Key Club collects teddy bears for child victims
The Key Club collected about 25 teddy bears for the Claremont Police Department after holding an “adopt-a-teddy-bear” drive. The drive charged adopters $5 to $10 to adopt the bears, provided by the Kiwanis Club of Claremont, and then presented them to School Resource Office and Patrolman Glen St. Amant yesterday after school.
“We’ll keep them in the back of our squad cars,” St. Amant said. “We’ll give them out to children anytime we deal with a domestic call or even a car accident. Maybe it’ll help take their mind off what they’re going through.”
“They have a calming, soothing effect,” said Key Club faculty advisor Dan Decker.
Decker, a social studies teacher for 18 years and the Key Club’s advisor for 16, said the Key Club is about more than collecting bears — it’s about teaching leadership, friendship and giving back to the community.
The club took on a litany of charitable projects this year, from putting together Easter baskets to raising money for muscular dystrophy, Decker said.
“These kids do an awful lot,” Decker said. “They’re involved in everything.”
Just this school year, the club raised enough money to provide 300 pre-natal tetanus vaccines, gave 40 turkeys to the Claremont Soup Kitchen, sold 300 shamrocks and sent the proceeds to muscular dystrophy organizations, sent Easter baskets to the Sullivan County Nursing Home and finally, gave the 25 teddies to the police.
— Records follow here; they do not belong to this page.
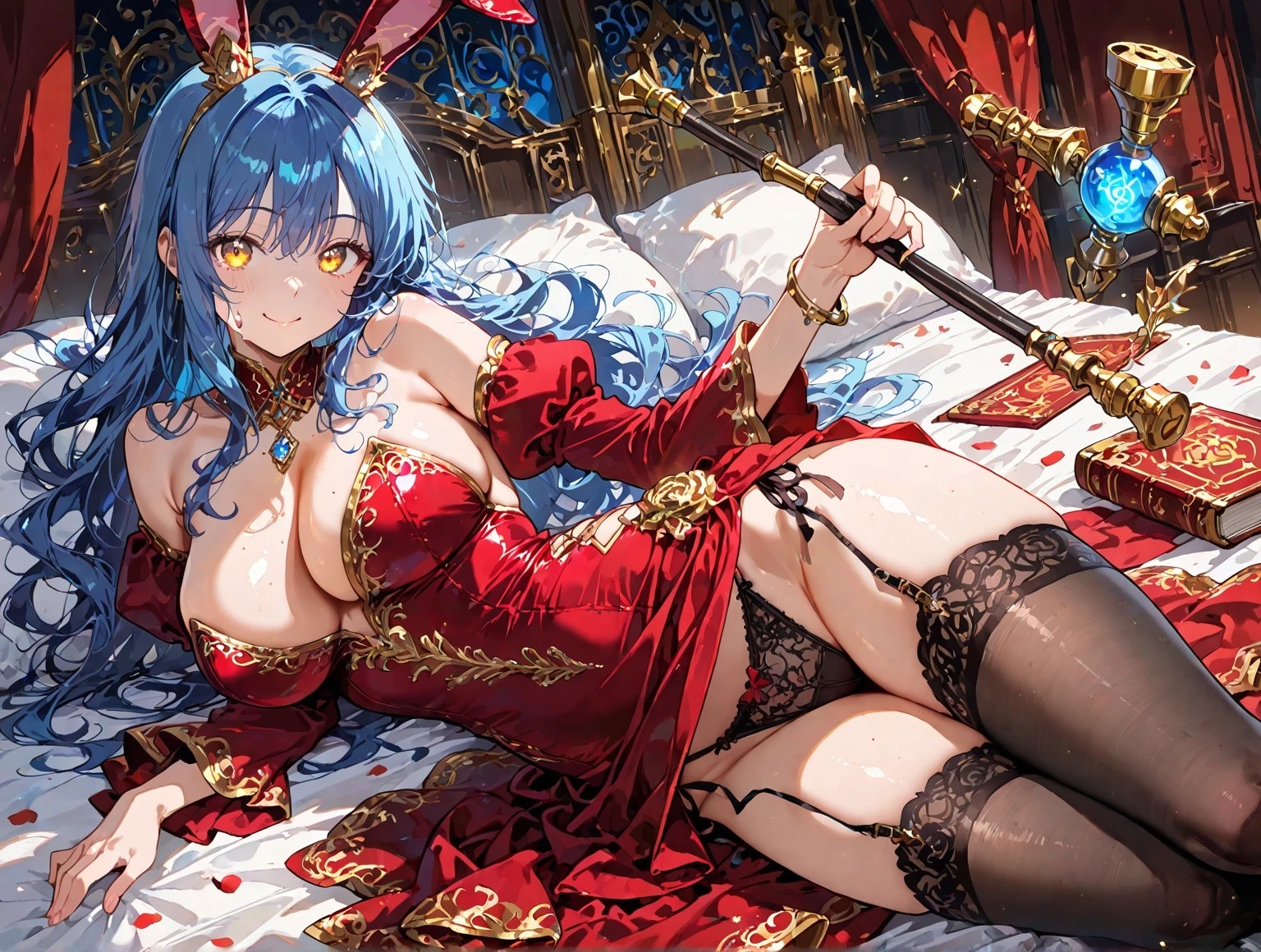 オリジナル美少女イラスト集37_4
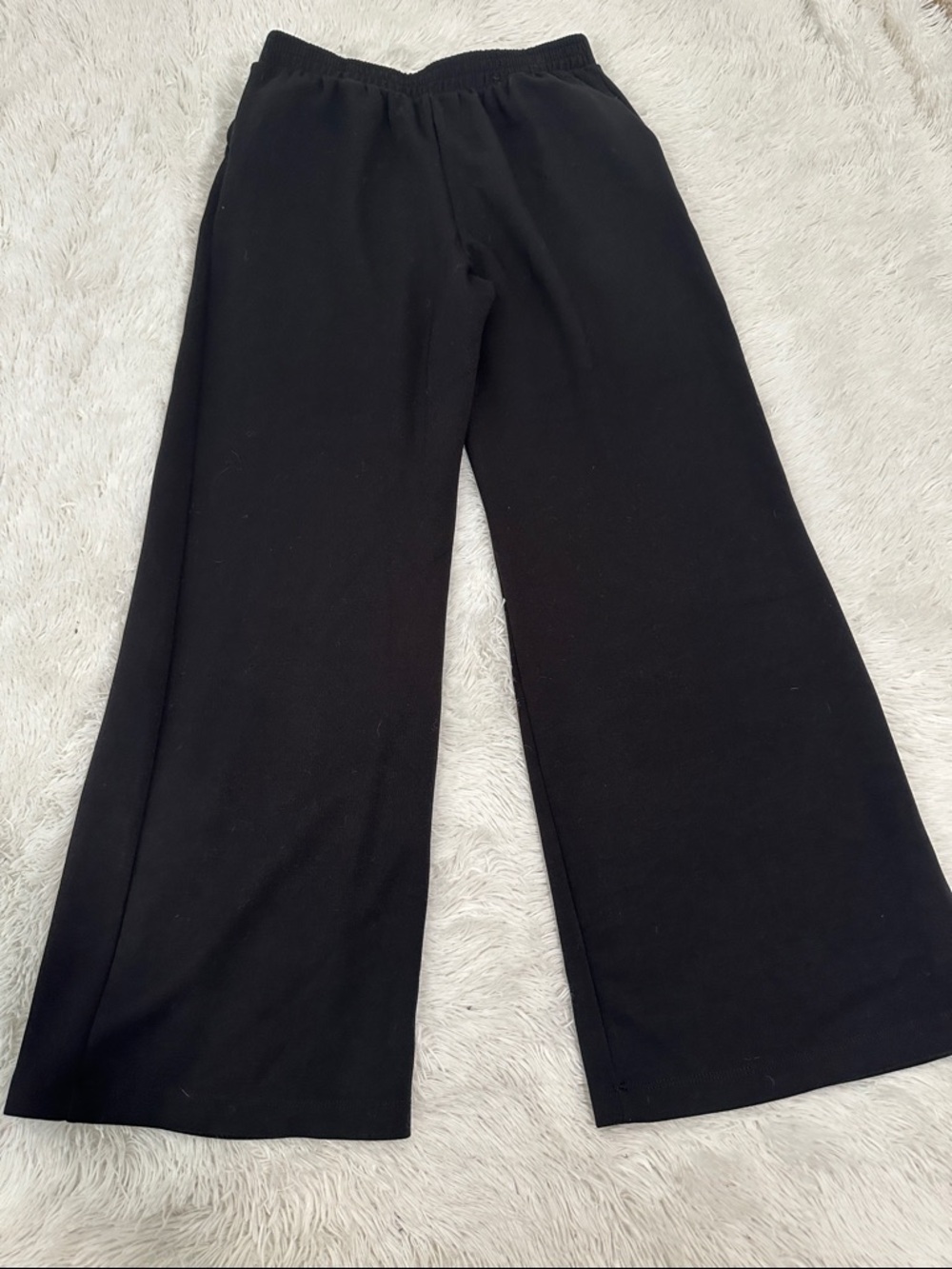 🐝 Scoop Wide Leg Pull On Pants - Picture 2 of 4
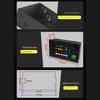 CNC DC Converter 6-36V To 0.5-36V 40W Voltage Regulator Power With Color Screen Step-up And Step-down Power Supply Converters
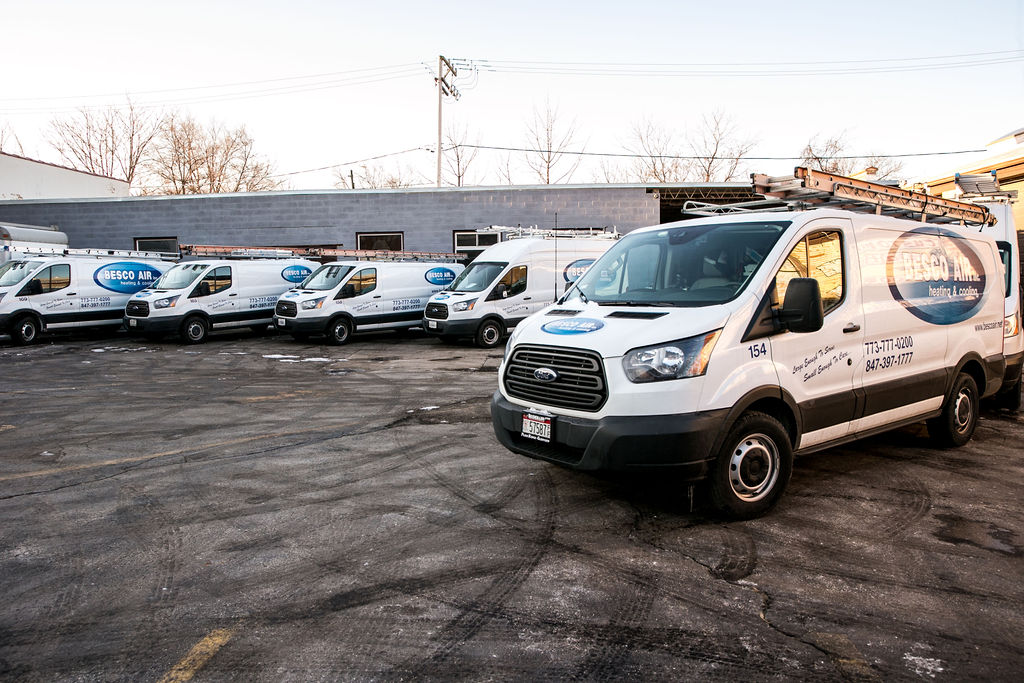 Besco Air Inc. Hvac Contractor in Chicago, IL photo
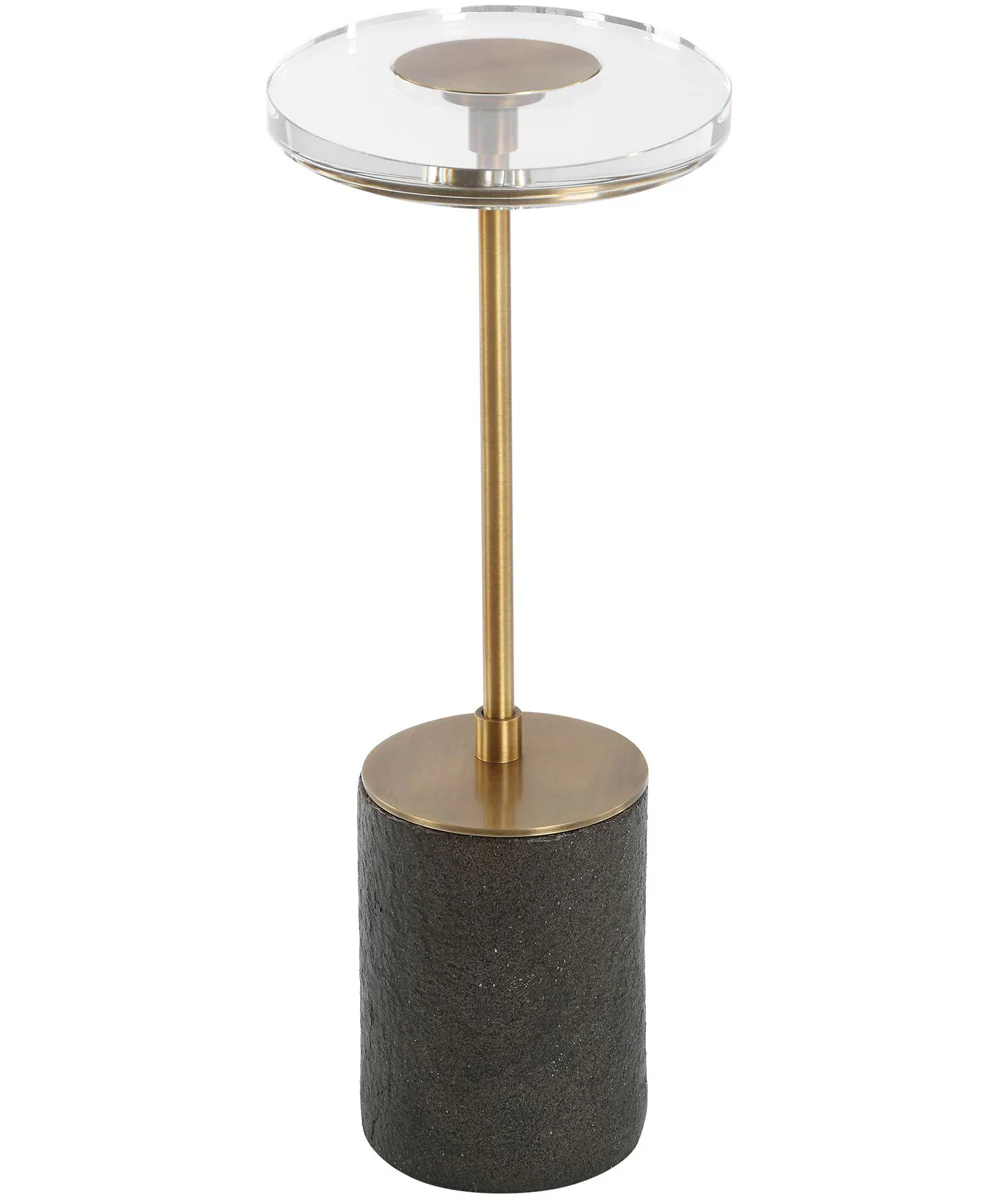 Kaufman Crystal Accent Table - Image 3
This is the third year the club has collected bears although the years were not consecutive, Decker said, adding that he hopes to hold a similar drive next year.
And Key Club members aren’t the only ones who think teddy bears have a calming effect.
The National Association of Police & Lay Charities, a Washington D.C.-based nonprofit organization, runs the Teddy Bear Cops program, which seeks to provide as many bears as possible to local police and fire crews. The association claims that the bears can help calm children down after stressful or traumatic situations.
The bears themselves are decked out in Kiwanis and Key Club shirts. Although the adoptions threw a few people off who thought they’d be able to take the bears home after paying for them, they warmed up to the idea of letting them go to someone else when they learned what the bears were for, said Key Club President Danielle Ballard, 16, a sophomore at Stevens.
“They’d be like ‘Can we take them home?’ and we’d be like, ‘No,’ ” Ballard said.
The police were eager to receive the bears, and St. Amant said they’d like to share them with the Child Advocacy Center, which helps traumatized children. Decker said he wants to shrink-wrap the bears first to keep them in good shape until they’re ready to be handed out. After that they’ll cart the three boxes of eight bears each over to the cops.
But it’s all part of a day’s work for the Key Club, whose members say they’re there for the community.
“It’s just a great way to learn leadership, a great way to get involved with the community and a great way to make new friends,” Decker said.